O papa pareceu, porém, decidido a mostrar aos convertidos reais ou potenciais que o catolicismo não atenderá às necessidades sociais e espirituais da África moderna. Ainda no avião, condenou os preservativos em uma região que registra mais de 70% dos óbitos por AIDS no mundo, onde 20 milhões já morreram e outra vida é perdida para a doença a cada 15 segundos.

Caso se limitasse a objeções teológicas, pouco haveria a dizer. Mas Ratzinger contrariou a ciência e o bom senso, insistindo em que a distribuição de preservativos agrava a epidemia. Ministros europeus, inclusive de países católicos, tomaram a iniciativa incomum de censurar o papa. O chanceler francês o acusou de "pôr em perigo a política de saúde pública em relação à proteção da vida humana". A ministra da saúde belga chamou sua posição de "perigosamente doutrinária". Os ministros do Desenvolvimento e da Saúde alemães condenaram a afirmação do compatriota como "irresponsável".

Não foi a única mostra de insensibilidade, desinformação ou ambas as coisas por parte do papa.
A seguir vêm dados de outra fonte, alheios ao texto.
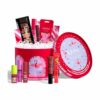 NYX Advent Calendar 2023 brings you 24 of your favorite and newly released NYX products. Presented in a round red box with flamingo illustrations!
Enquanto ele se preparava para falar de solidariedade e condenar a ganância, a violência e a corrupção, a Igreja fechava os olhos aos preparativos do corrupto e violento governo camaronês para a visita. Incluíram demolir com escavadeiras todas as casas e lojinhas que prejudicassem esteticamente o caminho entre o aeroporto e o centro da capital, Yaundé, sem perguntar como seus donos iriam trabalhar, dormir e comer nos dias seguintes.
Ali, o papa proclamou que a "a África está em perigo devido a imorais sem escrúpulos que tentam impor o reino do dinheiro desprezando os mais miseráveis", antes de viajar para Angola. O governo desse país empobrecido e devastado por décadas de guerra civil também fez gastos milionários para receber o pontífice. Além disso, em Luanda, a Igreja organizou dois jantares de gala a 500 dólares por cabeça, arrecadando cerca de 270 mil dólares para receber "mais dignamente" a passagem do pontífice.

Os responsáveis pelos caros e cuidadosos preparativos, que incluíram a mobilização de 12 mil policiais para cuidar da segurança do papa e de sua comitiva, não deram igual peso à segurança dos humildes. Na confusa abertura dos portões do Estádio Municipal dos Coqueiros, em Luanda, onde o papa encontraria a juventude angolana, um tumulto matou duas moças por esmagamento e mandou 89 jovens a hospitais.

Alheio ao drama, o papa assistiu à coreografia dos jovens que conseguiram entrar e os convidou a não ter medo de ousar "decisões irreversíveis" do casamento da ordenação sacerdotal. Só no dia seguinte, quando o desastre - ignorado pela cobertura oficial - foi divulgado na imprensa internacional, a Igreja e o governo angolano enviaram representantes ao hospital para visitar feridos e levar seus pêsames à família de uma das mortas, uma catequista de 22 anos. A outra, não identificada, foi levada ao necrotério como indigente.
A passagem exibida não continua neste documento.